Tom Rakewell, who has no desire to work for a living and plans to rely on the favor of Fortune, only has to express a wish and his shadow, Nick Shadow, grants it. Every wish appears, as if by magic, just by the wishing itself. But none of the wishes last, and Tom ends up dying insane in Bedlam.
Perhaps one of the reasons our delights fade, and sometimes have unpleasant consequences, is to be found in the root of the word itself. "Delight" comes from the same root as "to snare" or "to bind," and is closely related to "a noose." Our delights can hang us, and we do it to ourselves by remaining unconscious of the roots of our desires, even if we blame it all on the Devil.

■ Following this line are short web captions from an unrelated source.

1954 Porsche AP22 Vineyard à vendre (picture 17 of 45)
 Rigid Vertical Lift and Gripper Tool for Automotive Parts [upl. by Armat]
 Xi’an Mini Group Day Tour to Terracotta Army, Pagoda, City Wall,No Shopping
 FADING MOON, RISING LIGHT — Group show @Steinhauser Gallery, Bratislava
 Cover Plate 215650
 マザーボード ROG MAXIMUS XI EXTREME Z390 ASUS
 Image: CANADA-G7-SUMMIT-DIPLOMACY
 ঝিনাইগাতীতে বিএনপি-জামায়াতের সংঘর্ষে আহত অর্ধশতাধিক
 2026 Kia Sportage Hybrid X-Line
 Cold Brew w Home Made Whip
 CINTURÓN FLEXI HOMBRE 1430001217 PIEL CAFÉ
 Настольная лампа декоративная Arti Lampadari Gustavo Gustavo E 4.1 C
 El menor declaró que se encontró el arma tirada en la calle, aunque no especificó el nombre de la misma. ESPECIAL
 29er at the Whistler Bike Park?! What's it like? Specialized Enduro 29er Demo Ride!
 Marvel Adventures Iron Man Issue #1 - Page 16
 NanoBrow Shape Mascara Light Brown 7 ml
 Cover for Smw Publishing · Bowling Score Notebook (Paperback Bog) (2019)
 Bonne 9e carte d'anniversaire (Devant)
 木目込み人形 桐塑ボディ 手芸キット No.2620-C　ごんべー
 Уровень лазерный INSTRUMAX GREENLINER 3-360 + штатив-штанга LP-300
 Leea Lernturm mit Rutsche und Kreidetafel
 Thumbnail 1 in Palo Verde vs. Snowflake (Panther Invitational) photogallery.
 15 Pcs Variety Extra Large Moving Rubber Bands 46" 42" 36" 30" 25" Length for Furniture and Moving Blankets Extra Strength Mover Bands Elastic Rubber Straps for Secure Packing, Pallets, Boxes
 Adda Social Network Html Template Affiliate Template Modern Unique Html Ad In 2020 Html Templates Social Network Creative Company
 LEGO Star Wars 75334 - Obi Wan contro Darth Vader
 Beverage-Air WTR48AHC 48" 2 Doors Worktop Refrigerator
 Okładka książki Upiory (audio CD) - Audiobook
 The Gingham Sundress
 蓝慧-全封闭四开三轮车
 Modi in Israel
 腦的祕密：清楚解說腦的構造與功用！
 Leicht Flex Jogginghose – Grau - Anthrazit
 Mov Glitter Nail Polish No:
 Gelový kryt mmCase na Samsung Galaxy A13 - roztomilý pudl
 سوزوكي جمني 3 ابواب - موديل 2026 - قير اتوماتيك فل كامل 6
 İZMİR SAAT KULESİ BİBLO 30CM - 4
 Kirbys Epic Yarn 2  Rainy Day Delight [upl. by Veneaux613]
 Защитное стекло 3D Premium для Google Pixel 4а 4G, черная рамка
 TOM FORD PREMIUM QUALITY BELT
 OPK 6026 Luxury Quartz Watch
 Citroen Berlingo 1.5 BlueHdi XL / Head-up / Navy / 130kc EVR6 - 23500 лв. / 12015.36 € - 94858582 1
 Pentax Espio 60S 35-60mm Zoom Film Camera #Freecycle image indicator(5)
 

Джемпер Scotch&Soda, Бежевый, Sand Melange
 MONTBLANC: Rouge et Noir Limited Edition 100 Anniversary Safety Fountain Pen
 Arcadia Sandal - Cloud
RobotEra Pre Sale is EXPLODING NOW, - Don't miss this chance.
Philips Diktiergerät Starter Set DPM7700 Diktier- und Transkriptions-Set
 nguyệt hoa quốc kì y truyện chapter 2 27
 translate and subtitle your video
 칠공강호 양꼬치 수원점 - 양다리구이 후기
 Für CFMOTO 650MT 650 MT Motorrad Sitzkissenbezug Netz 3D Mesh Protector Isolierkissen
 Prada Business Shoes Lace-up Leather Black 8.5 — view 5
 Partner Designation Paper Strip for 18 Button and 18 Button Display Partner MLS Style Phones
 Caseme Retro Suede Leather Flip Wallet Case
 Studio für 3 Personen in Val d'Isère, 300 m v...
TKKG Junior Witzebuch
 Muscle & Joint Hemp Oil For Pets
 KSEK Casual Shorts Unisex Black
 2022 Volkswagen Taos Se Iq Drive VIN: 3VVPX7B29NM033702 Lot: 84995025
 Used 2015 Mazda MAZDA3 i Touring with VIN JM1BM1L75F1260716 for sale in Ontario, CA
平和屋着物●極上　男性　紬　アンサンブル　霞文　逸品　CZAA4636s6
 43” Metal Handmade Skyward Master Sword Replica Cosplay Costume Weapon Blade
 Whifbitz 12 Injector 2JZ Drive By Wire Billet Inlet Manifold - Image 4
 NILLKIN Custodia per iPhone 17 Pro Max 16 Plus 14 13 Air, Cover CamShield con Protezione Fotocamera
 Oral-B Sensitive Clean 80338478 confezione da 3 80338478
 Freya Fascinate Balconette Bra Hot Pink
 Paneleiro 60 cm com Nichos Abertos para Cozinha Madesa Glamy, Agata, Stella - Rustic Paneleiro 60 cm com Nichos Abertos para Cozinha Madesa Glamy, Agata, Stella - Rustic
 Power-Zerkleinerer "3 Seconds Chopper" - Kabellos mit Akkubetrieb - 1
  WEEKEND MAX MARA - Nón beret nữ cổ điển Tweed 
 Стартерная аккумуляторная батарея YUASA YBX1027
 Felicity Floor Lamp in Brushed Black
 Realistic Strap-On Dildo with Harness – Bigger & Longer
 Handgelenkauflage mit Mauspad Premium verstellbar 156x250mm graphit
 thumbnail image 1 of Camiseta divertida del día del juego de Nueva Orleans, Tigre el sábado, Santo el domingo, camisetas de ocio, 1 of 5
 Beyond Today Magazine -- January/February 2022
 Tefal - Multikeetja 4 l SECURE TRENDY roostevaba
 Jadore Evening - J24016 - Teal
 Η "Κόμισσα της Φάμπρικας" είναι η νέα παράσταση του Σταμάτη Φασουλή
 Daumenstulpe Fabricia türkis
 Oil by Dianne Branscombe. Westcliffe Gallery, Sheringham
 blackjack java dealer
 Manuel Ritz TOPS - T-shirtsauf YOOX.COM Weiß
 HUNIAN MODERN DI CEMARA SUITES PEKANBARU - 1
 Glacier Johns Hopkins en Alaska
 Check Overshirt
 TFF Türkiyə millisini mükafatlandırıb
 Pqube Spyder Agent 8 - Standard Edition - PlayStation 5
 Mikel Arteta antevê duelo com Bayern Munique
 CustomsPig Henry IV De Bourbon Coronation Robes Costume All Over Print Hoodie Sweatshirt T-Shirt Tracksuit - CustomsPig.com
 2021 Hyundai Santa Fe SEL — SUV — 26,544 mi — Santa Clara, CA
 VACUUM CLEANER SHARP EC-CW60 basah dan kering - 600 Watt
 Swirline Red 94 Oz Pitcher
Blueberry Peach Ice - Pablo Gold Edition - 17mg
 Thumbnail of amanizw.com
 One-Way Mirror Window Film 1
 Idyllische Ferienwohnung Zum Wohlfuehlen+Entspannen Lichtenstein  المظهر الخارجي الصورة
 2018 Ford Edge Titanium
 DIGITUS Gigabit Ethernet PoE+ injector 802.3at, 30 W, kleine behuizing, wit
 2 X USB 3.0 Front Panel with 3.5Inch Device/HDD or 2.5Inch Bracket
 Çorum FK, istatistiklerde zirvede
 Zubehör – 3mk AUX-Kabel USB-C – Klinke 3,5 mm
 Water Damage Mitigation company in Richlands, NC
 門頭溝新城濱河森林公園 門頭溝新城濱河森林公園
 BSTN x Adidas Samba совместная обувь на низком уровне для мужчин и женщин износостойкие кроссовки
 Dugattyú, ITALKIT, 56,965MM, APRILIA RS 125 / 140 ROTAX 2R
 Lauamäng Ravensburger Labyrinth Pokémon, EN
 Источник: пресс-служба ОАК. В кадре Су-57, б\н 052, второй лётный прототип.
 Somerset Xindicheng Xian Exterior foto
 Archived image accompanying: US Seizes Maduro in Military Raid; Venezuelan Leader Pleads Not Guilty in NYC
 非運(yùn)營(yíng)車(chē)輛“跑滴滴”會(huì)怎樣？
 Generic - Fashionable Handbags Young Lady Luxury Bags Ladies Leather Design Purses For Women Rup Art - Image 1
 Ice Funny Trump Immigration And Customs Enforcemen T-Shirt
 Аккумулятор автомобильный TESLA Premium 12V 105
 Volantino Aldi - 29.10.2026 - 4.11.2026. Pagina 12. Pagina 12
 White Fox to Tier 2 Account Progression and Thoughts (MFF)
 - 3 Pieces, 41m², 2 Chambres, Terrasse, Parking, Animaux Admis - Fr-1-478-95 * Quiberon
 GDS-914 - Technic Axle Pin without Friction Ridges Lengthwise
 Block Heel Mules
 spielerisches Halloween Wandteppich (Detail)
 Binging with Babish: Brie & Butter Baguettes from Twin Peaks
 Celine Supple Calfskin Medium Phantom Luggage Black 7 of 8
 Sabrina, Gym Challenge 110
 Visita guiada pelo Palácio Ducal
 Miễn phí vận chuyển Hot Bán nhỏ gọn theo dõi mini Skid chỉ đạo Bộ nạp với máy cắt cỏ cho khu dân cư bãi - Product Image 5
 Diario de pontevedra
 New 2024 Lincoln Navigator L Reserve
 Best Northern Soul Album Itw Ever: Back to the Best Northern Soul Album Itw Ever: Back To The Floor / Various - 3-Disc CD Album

In the first scene of The Rake's Progress, Nick Shadow thanks Rakewell for taking him on as guide and says, "for masterless should I abide / Too long, I soon would die." What a concept -- that the Devil needs us or he dies? In the Epilogue, Shadow explains, "Day in, day out, poor Shadow / Must do as he is bidden."
Nick Shadow needs Tom Rakewell as much as Rakewell needs Shadow for the fulfillment of his wishes. Méphistophélès needs Faust as much as Faust needs him. What a paradox. Or is it?
"If I can stay with my conflicting impulses long enough, the two opposing forces will teach each other something and produce an insight that serves them both," notes Robert A. Johnson in Owning Your Own Shadow. "This is not compromise but a depth of understanding that puts my life in perspective and allows me to know with certainty what I should do. That certainty is one of the most precious qualities known to humankind."